The world will always have a hegemon. The question to ask yourself is whether you want that hegemon to be – for the most part – a force for good, or a force for evil. There is no doubt that the United States has abused it’s power (at times), but the abuse from the U.S.. has not been anything like what we’ve seen from the CCP. Let’s review shall we?
The CCP arbitrarily arrests foreigners to use as bargaining chips (Canada Conflict).
The CCP uses their military to violate sovereignty with the purpose of taking national land and resources. They even have the audacity to begin building roads on it (India, Chinese conflict)
The CCP uses their military to seize islands that belong to Vietnam and Philippines, and responds to their inquiries by telling them to “shut up, or we might get very angry”.
The CCP seeks to gain political power in foreign countries by buying up land, and businesses, then using business ownership and influence to exert control over policy makers. Therefore, enacting Chinese friendly laws. In countries that have a decentralized government, like Australia, they seek to drive a wedge between independent states (Victoria) and the central government with the purpose of weakening the central state.
The CCP uses the one belt one road, to setup Chinese owned businesses in foreign countries, employing only the minimum amount of local labor needed to appease the govt, and use the rest of that money to hire Chinese nationals and funnel the profits back to Chinese accounts. Chinese tourists are told to only go to Chinese owned businesses, and ignore local owned businesses, to help destroy the local economy and consolidate Chinese power.
I am not suggesting the U.S. is perfect. But the U.S. has been the only hegemon in world history to show respect for law and sovereignty (again, for the most part). There have been some occasions where sovereignty law has been violated, say when we entered Pakistan with helicopters to kill bin laden, but that is very different then what we are seeing from the CCP.
The commenter says that he cannot imagine a China that is not a superpower. It’s very easy to see a China that is NOT a superpower. A china that continues to isolate itself from the international community, that continues to engage in conflict that exceeds what most nation states consider to be acceptable behavior, and a china that continues to engage in acts of war, will not be a China that exists for very long.
In the U.S., there are essentially two schools of economic thought. There is Keynesian (the minority), and what they call ne0-classical. The group think that exists within the substructure of American economics is dangerous. It’s dangerous to the American economy, and the health of the global eco-system. The fact that economists rarely argue over important topics is a dangerous, dangerous, thing for the academic community. It shows complacency, and fear.
You can continue to believe in fair and free trade. At it’s core, there is no question that trade increases efficiency and wealth. But you have to ask yourself whether increases in wealth and efficiency lead to a better life or a worse life.
A life where millions of Americans are unemployed because they cannot compete with Chinese and Vietnamese labor.
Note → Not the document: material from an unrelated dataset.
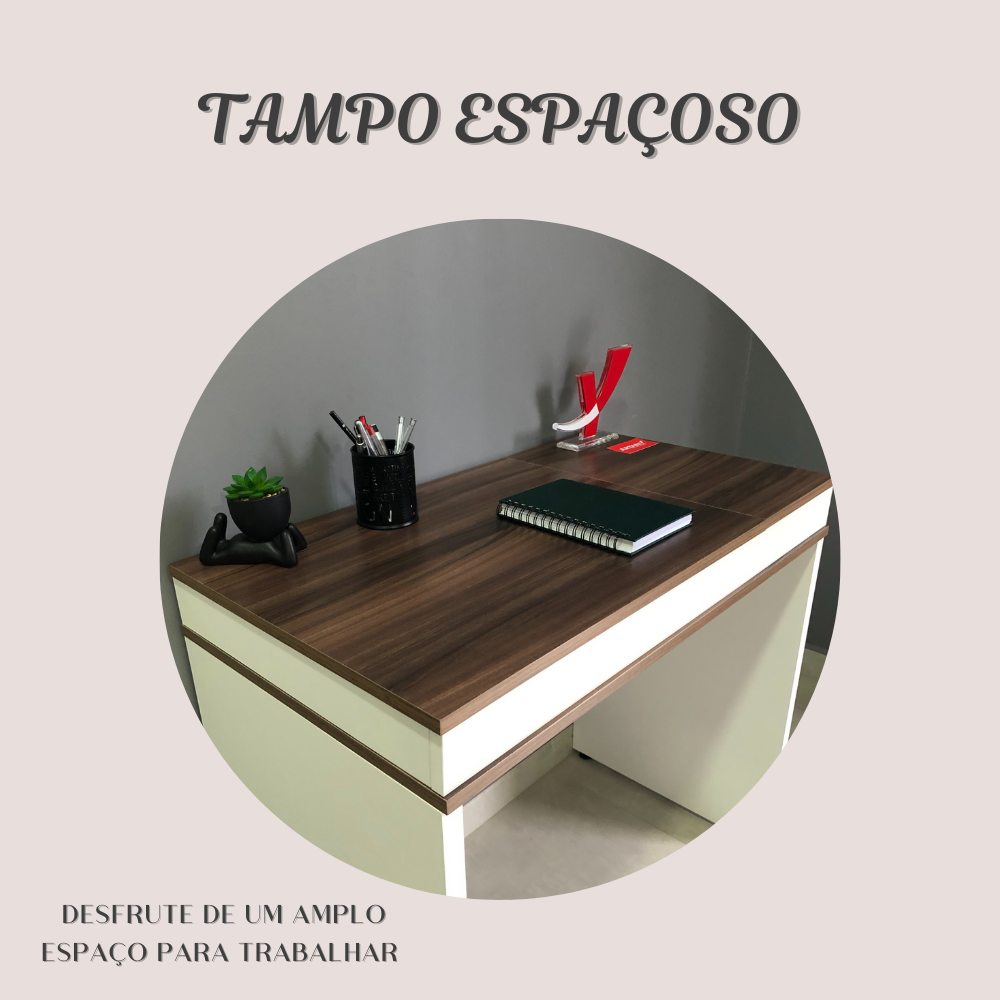 Escrivaninha Home Office 2 Portas Luma Espresso Móveis - 17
A life where the CCP purchases companies around the world to gain majority share, pushout board members, and gain access to critical infrastructure. A life where your ISP providers are consistently monitoring your geo-location data, and your conversations for “key words”. In that Orwellian world, arms bearing, resource hungry people, are not going to be better off (at least not the majority).
If you would like to know what life is currently like under the CCP. You may ask the majority of Chinese. Of course when you ask please make sure the battery is removed from your phone (shutting it down is not enough), you are indoors away from the CCP camera’s, and that minders are not within ear distance!